I had a clicking noise coming from somewhere when I would steer too. My mechanic said upper strut bushings/bearings too. However, a "clicking" noise could be anything, so look around for torn boots, leaks, etc. in other places as well. The bearings are very easy to replace, and you should do the bushings at the same time. There are some very good DIY's on here, just search in the DIY section.


----------



## waabaah (Jun 24, 2006)

*Re: Click/knocking noise when I turn.... upper strut bearing? (eten_23)*

upper strut bearing or axle issue... how to tell?
is the car making noise while turning while you are parked and turning the wheel? if so then its your strut bearings. 
if it is not and only makes a clicking noise while turning and accelerating sharp turn then its an axle.


----------



## Pssst...passedyou (May 1, 2008)

If it is a low pitched clunk while turning at low speeds could it be a Ball joint? is it side specific?


----------



## waabaah (Jun 24, 2006)

*Re: (Pssst...passedyou)*


_Quote, originally posted by *Pssst...passedyou* »_If it is a low pitched clunk while turning at low speeds could it be a Ball joint? is it side specific?
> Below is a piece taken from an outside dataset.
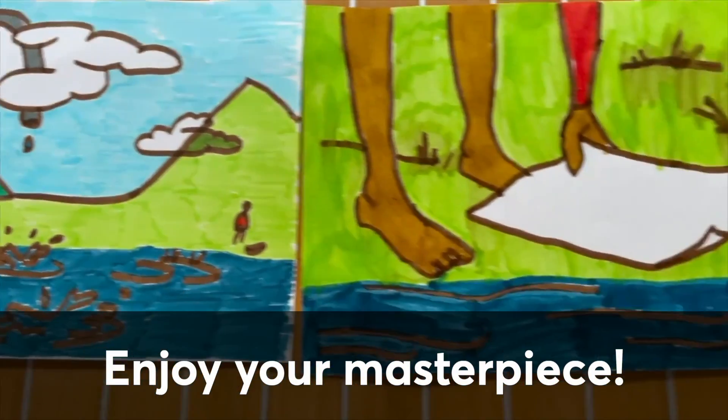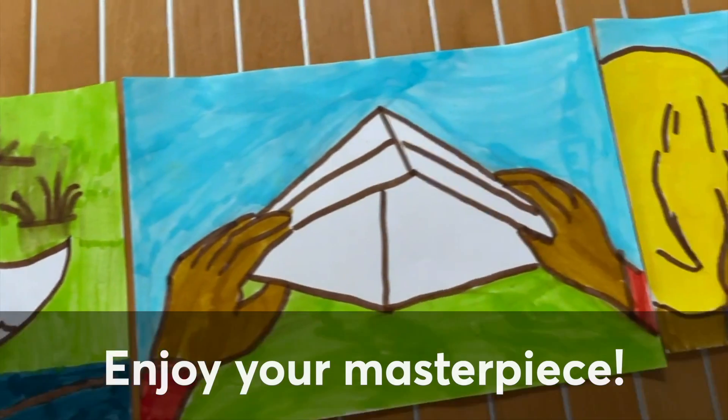When you're done, color it, hang it, share it, love it.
i know your looking up info for a balljoint lately and balljoints "normally" dont clunk. if a balljoint does have enough movement to clunk then you should be able to do a shake down test and confirm that your balljoint does in fact have play. a balljoint is the saem confirguration as an outer tie rod...ball and socket. 
i would assume a front end part if it clunks ONCE during a load change (i.e. accel, decel, turning). the frotn end parts i would check would be outer tie-rod, lower balljoint, lower control arm bushings torn, link pins or sway bar links, sway bar bushings themselves, rack and pinion bushings or bolts, cradle bushings or bolts.
jack up your car on lower control arm...grab the wheel at 12 and 6 oclock and shake inward. this is normally beqaring play if you do feel play.
now grab the wheel 3 and 9 oclock. shake inward. if any play it would normally be outer tierod or lower balljoint.
now jack up your car on the pinch frame behind the front tire.....do the same shake down test but this time look at your lower control arms. also you might feel a loose balljoint better in this position then jacking up on lower control arm.
now grab your sway bar...and shake it up and down...and play could cause a clunking sensation. grab your link pins and do the same..shake them...any play could also cause a clunk.
now lower the vehicle with wheels on ground...move your steering wheel left and right without moving your tires. this is called a dry park test. if you have any slop in the steering wheel wihtout turning the steering wheel, then look at the steering components...rack and pinion bushings, steering shaft play, outer and inner tierods. place your hand around each component and have an assistant shake the wheel. you will feel the joint or play in your hand.
now pretend to tighten your lugnstuds with a tire iron...prestend to loosen and tighten the lugstuds. this si somewhat a test for your lower control arm buishings. visually look at your control arm bushings and see if you can see any play or rips in the rubber.
for strut mounts...your going to jack up the car on the pinch frame behind the tire. grab the wheel like your about to lift it like you were lifting a heavy box. any play up and down is considered a bad strut mount.
for strut mount bearings your going to listen to noises and something called memory steer. memory steer is when you turn right and the vehicle pulls right. when you turn left the vehcile will pull left. this is a binding strut mount. also turn the wheel left and right with the wheel son the ground lock to lock position. strut mount bearings if bad genarally make sound....kind of a spring type sound..like a boing boing boing while going to lock position.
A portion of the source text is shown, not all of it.